Statt einer statischen Gebühr könnte das Autofahren etwa zu Stoßzeiten teurer werden, um Staus zu vermeiden. Und schließlich gibt es die Möglichkeit einer impliziten Maut: Berlins Verkehrssenatorin Regine Günther schlug vor, dass Autofahrer in Berlin zum Kauf einer Jahreskarte für die Berliner Verkehrsbetriebe verpflichtet werden sollten. Das findet auch Parteifreundin Antje Kapek gut.
"Das hätte den Vorteil, dass ich die Menschen nach und nach dazu bewegen kann, umzusteigen auf den ÖPNV und gleichzeitig Einnahmen generiere für den ÖPNV."

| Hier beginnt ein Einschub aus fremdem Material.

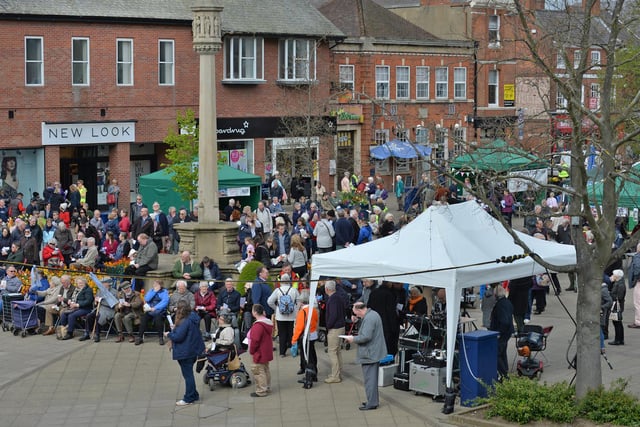 How it should have looked: Crowds gather during the Churches Together Good Friday Service on the Square in Market Harborough in a previous year.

Berlin als deutscher Vorreiter für City-Maut
So oder so, Berlins Grüne wollen die Stadt zum Vorreiter für eine City-Maut in Deutschland machen, wie sie neben Singapur und London auch in Städten wie Oslo, Stockholm oder Mailand bereits besteht. Wären da nicht die Koalitionspartner in der rot-rot-grünen Landesregierung. Die Linke hat Bedenken. Sie fürchtet um den Einzelhandel und will nicht, dass nur Besserverdienende in der Stadt freie Fahrt haben. Und der Regierende Bürgermeister Michael Müller hatte sich vor zwei Jahren in einem Brief an die Koalition gegen eine "Anti-Auto-Politik" ausgesprochen. Dazu zählte er auch eine Maut. Der verkehrspolitische Sprecher der SPD-Fraktion, Tino Schopf, akzeptiert eine Maut höchstens als letztes Mittel.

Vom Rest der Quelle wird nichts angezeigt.